I have a follow-up question to my past post on the Bedpost Glue-Up.

When creating the miters on the post (four faces, mitered to a 3" square, filler block down the center, would method would you use to strengthen the migher joint? The options are:

1) Lock Miter Bit (have heard this is a difficult bit to set up and use effectively, but makes a strong joint when done right)
2) Hardwood Spline 
3) Biscuits 

Which would be the easiest, while providing enought mechanical strength, knowing these are bedposts?

Thanks.
Hokieg


----------



## cabinetman (Jul 5, 2007)

If you can clamp up well, splines might be faster than a lock miter, but could get off kilter more easily than a lock miter. If you set up carefully, the lock miter would be my choice. Biscuits get a big NO.


----------



## Kjuly (May 29, 2009)

Hokieg,
The lock miter joint offers easy assembly and more glue surface making this the strongest joint of the three. 
One note about the set up of the lock miter is to make sure that all the pieces are exactly the same thickness. 
Keith


----------



## Gerry KIERNAN (Apr 20, 2007)

If you have the bits for a lock miter go that way. Do some test pieces first to get the details worked out. If you do not have the bits use a spline. Easy to cut on your table saw, cheap, and strong.

Gerry


----------



## gregL (Feb 1, 2009)

I have a lock miter bit and it works great! When i bought it I also purchased a setup block made from UHMW and it has helped in the set up of the joint.

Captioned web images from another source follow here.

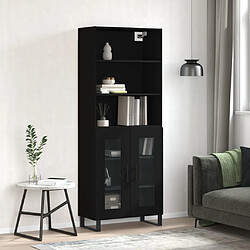 vidaXL Buffet haut Noir 69,5x34x180 cm Bois d'ingénierie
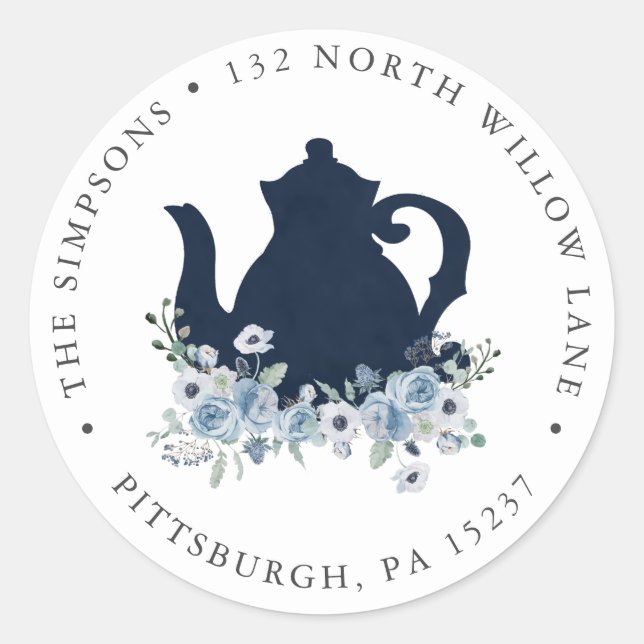 Blue Floral Teapot Return Address Classic Round Sticker (Front)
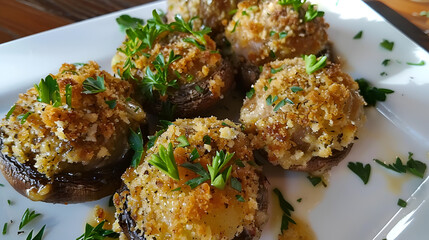 Delightful baked stuffed mushrooms with golden breadcrumbs and fresh parsley adorn a white plate, creating a savory appetizer.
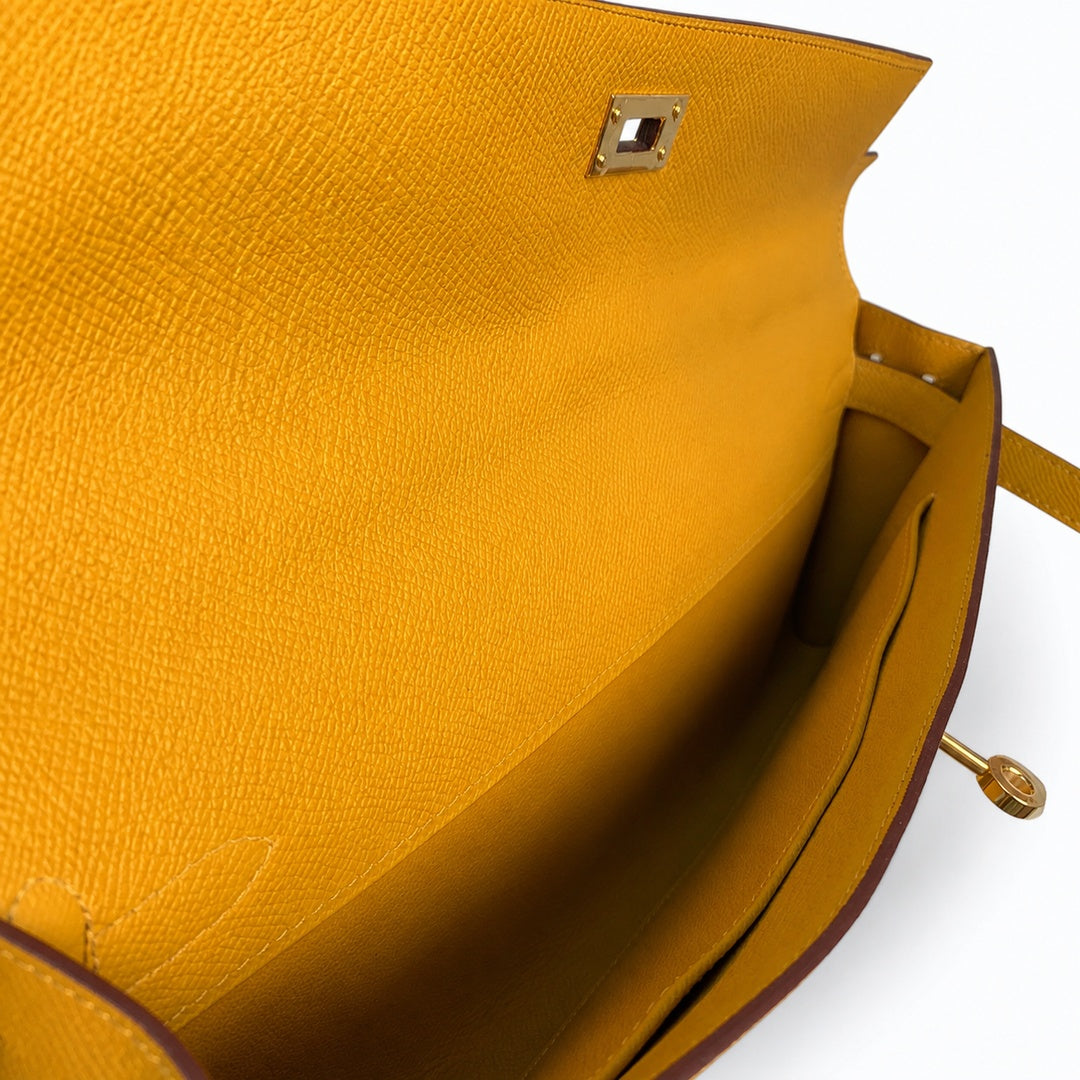 Slim Evening Clutch: Kelly cut clutch, evening bag, Epsom Leather, wax thread hand-sewing, amber yellow, Gold Buckle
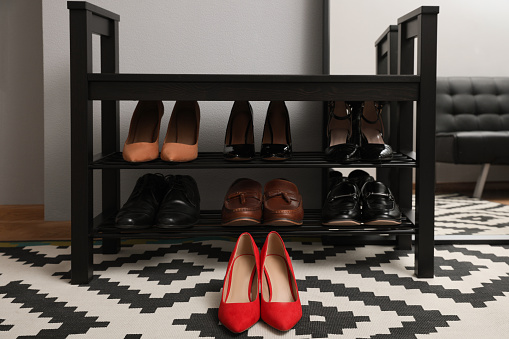 Stylish red female shoes near shelving unit in hall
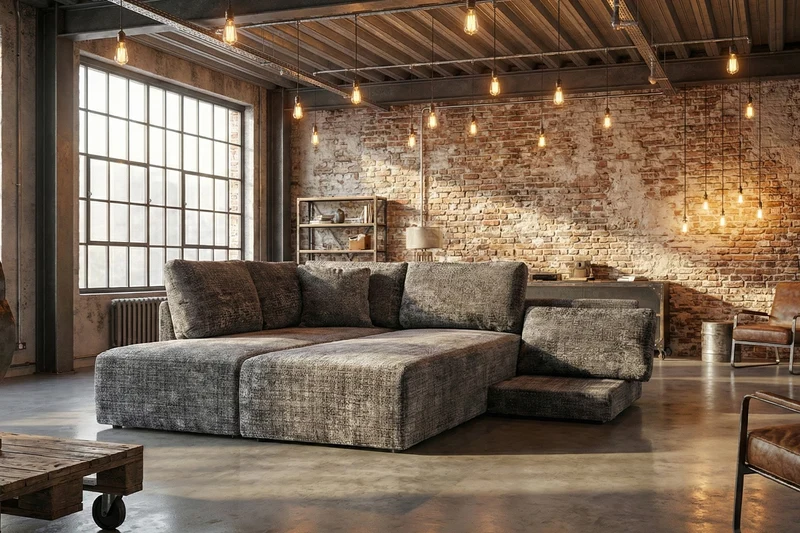 KAWOLA Schlafsofa SADIRA Ecksofa Stoff grau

You still have to take the time to fine tune the setup for each wood thickness but that is time well spent. 
Each and Every step of any project should be considered your masterpiece if you want the finished product to reflect the quality of your work.


----------



## EnoughClamps (Jan 19, 2009)

Greg, 
Do you mind if I quote you in my sig?

Example:


----------



## gregL (Feb 1, 2009)

EnoughClamps said:


> Greg,
> Do you mind if I quote you in my sig?
> 
> Example:


 Sure


----------